The problem: transliterating Balinese
In December 2021, a friend introduced me to the Balinese WikiPustaka (Wikisource) community, which has been relentlessly working on photographing, transcribing and uploading Balinese palm manuscript (lontar) to Wikisource (example)
While manuscripts are written using the Balinese alphabet, today most Balinese use the Latin alphabet when reading or writing in the Balinese language. Text written in the Balinese alphabet can be automatically transliterated to the Latin alphabet (using Benny Lin's translitator), however since words in the Balinese alphabet are not separated by spaces, after transliteration we're missing spaces between words. To produce legible Balinese in the Latin alphabet, we need to guess where spaces are after transliteration.
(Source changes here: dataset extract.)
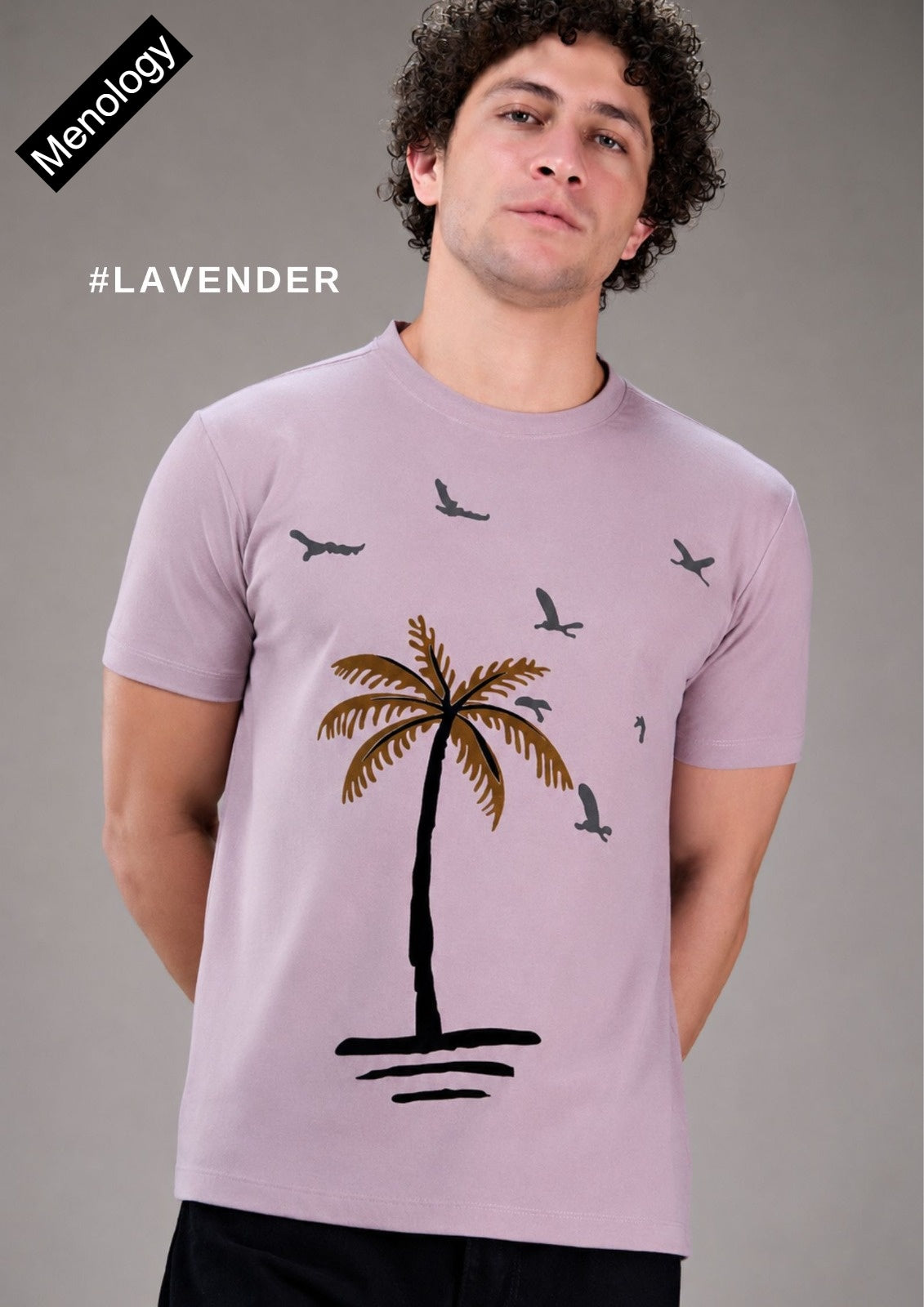 Iho G359 (A) 2841 Menology Interlock Mens Tshirts Supplier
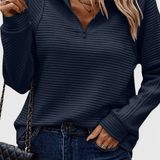 Helene | Stickad tröja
Our solution: a space fixer + a spell checker
So we embarked on a small project teaching a model to guess spaces in Balinese text. Using text from Balinese Wikipedia, we train SymSpell to put together a first version of our webapp, until then called "Balinese space fixer":
Later on, we expanded this tool to also make spelling corrections: it doesn't just add missing spaces, but also fixes the spelling of individual words. To let the app improve itself over time, we added a way for users to suggest a better spelling.
The tool can be accessed at https://balinese-spell.netlify.app/, with its source code living at https://github.com/raphaelmerx/ban-spellcheck.
To assist the WikiPustaka community, which is so far manually transcribing lontar images, we would love to create a quality HTR (handwriting text recognition) engine for Balinese manuscripts. I'm looking into using eScriptorium and kraken to do so.
In the longer-term, a translation engine between Indonesian and Balinese would be great. While I'm trying to keep the hopes of the WikiPustaka community low on this front, I'm actively following research on very low-resource machine translation, especially that coming from the Masakhane (NLP for African languages) community.